I'm looking at buying a Silky handsaw and just wondering if there are any members from Australia who would know the best teeth configuration to use on a Silky Zubat handsaw for cutting hardwood (mostly dead Eucalypts) .
My thinking is that I need to go for the 'fine' tooth rather than the course.


----------



## CacaoBoy (Mar 17, 2020)

What are you trying to accomplish? A neat, clean finish to the cut or a quicker cut with less effort? When a saw will primarily be used on dead wood I cannot imagine a reason to favor a fine toothed saw. My Silkys have the coursest blades available and I favor curved blades, but being in the Northern Hemisphere and driving on the right side of the road maybe everything works here opposite from Australia.


----------



## ATH (Mar 17, 2020)

I haven't used the newer Zubat...but my other Silky pruning saws aren't nearly as good in dead wood as they are in live wood. Don't get me wrong...they are great saws, just not deigned for dead wood. I'd be inclined to agree that fine tooth saws will do better, but I'd look at woodworking saws for all dead wood cutting.


----------



## DHuett (Mar 18, 2020)

CacaoBoy said:


> What are you trying to accomplish?
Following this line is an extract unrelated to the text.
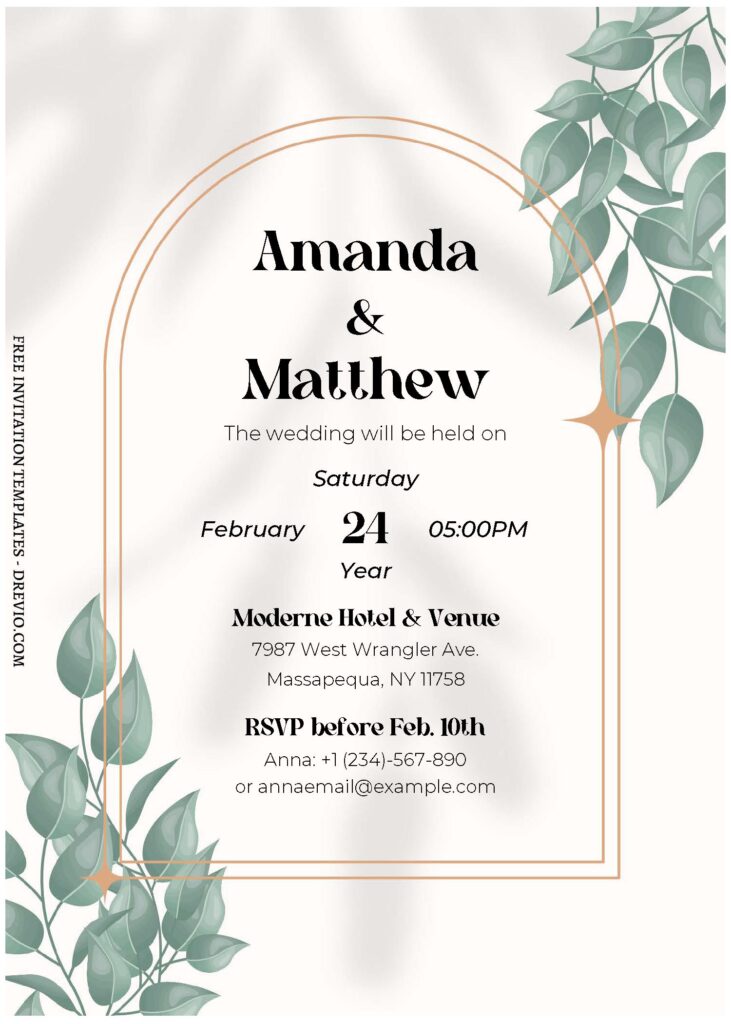 Invitation Template of (Free Editable PDF) Botanical Bliss Wedding Invitation Templates 1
A neat, clean finish to the cut or a quicker cut with less effort? When a saw will primarily be used on dead wood I cannot imagine a reason to favor a fine toothed saw. My Silkys have the coursest blades available and I favor curved blades, but being in the Northern Hemisphere and driving on the right side of the road maybe everything works here opposite from Australia.


Looking at cutting small dead wood for firewood if not able to use the chainsaw.
From what I have seen in many video's ... north American timbers appear to be primarily softwoods whereas, here in Australia, we have predominantly hardwoods.
Cutting the softwoods with a Silky handsaw looks to be easy ... I think it would be much harder on ours.


----------



## DHuett (Mar 18, 2020)

ATH said:


> I haven't used the newer Zubat...but my other Silky pruning saws aren't nearly as good in dead wood as they are in live wood. Don't get me wrong...they are great saws, just not deigned for dead wood. I'd be inclined to agree that fine tooth saws will do better, but I'd look at woodworking saws for all dead wood cutting.


thanks for that ... I think you may be right.


----------



## trains (Apr 20, 2020)

DHuett said:


> I'm looking at buying a Silky handsaw and just wondering if there are any members from Australia who would know the best teeth configuration to use on a Silky Zubat handsaw for cutting hardwood (mostly dead Eucalypts) .
> My thinking is that I need to go for the 'fine' tooth rather than the course.



Mate, ive only used my zubat on live trees, if its dead, its either the chainsaw, or ive had really good results with the normal hand saws that have hardened teeth that other tradies use, often out on special for 5-10 bucks each, no issue if you drop them etc and a nice thin kerf, yeah looks funny heading up a tree with a builders saw, but it works, and the teeth are surprisingly durable.

i have older saws that are non hardened, and I re set them and sharpen them, but they are more for fun than work, tho they are wonderful to use, but not up in a tree.


----------